■ **Task item**: Word for word, transcribe the listing that follows, minus any pictures.

**** Data extract

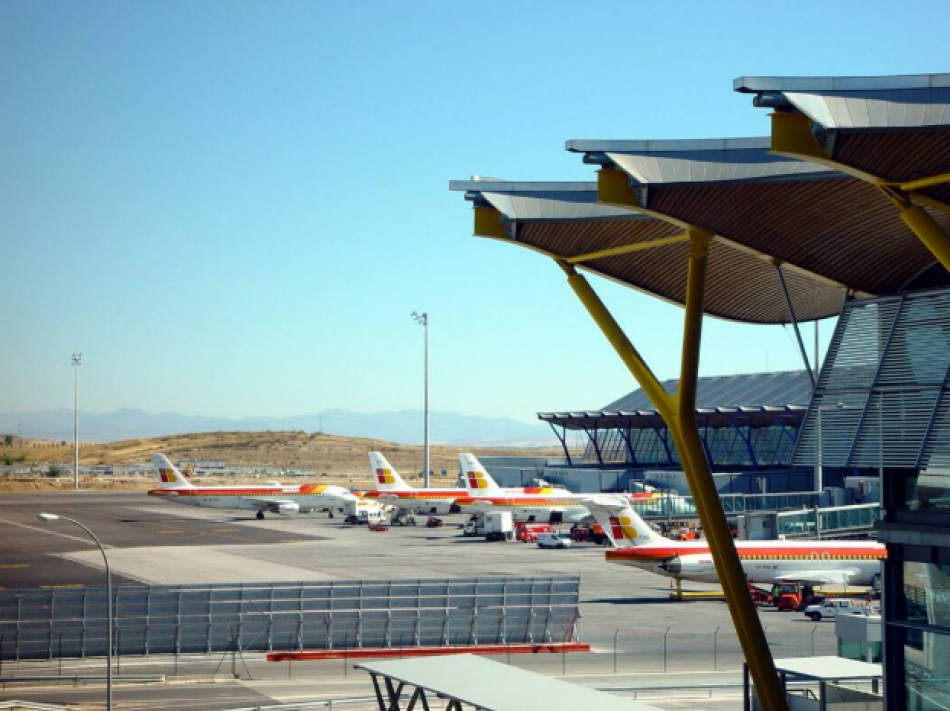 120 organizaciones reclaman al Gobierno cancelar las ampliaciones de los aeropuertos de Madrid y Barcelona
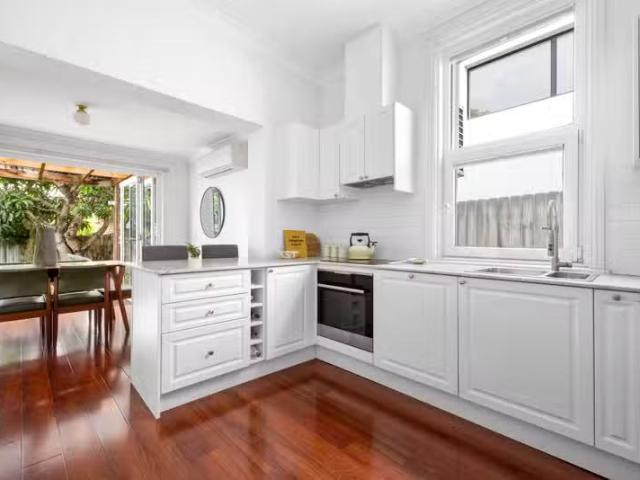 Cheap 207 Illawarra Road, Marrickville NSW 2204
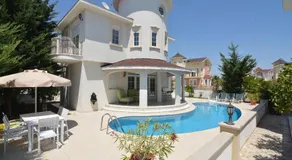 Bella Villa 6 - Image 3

********

■ **Reply**:
 120 organizaciones reclaman al Gobierno cancelar las ampliaciones de los aeropuertos de Madrid y Barcelona
 Cheap 207 Illawarra Road, Marrickville NSW 2204
 Bella Villa 6 - Image 3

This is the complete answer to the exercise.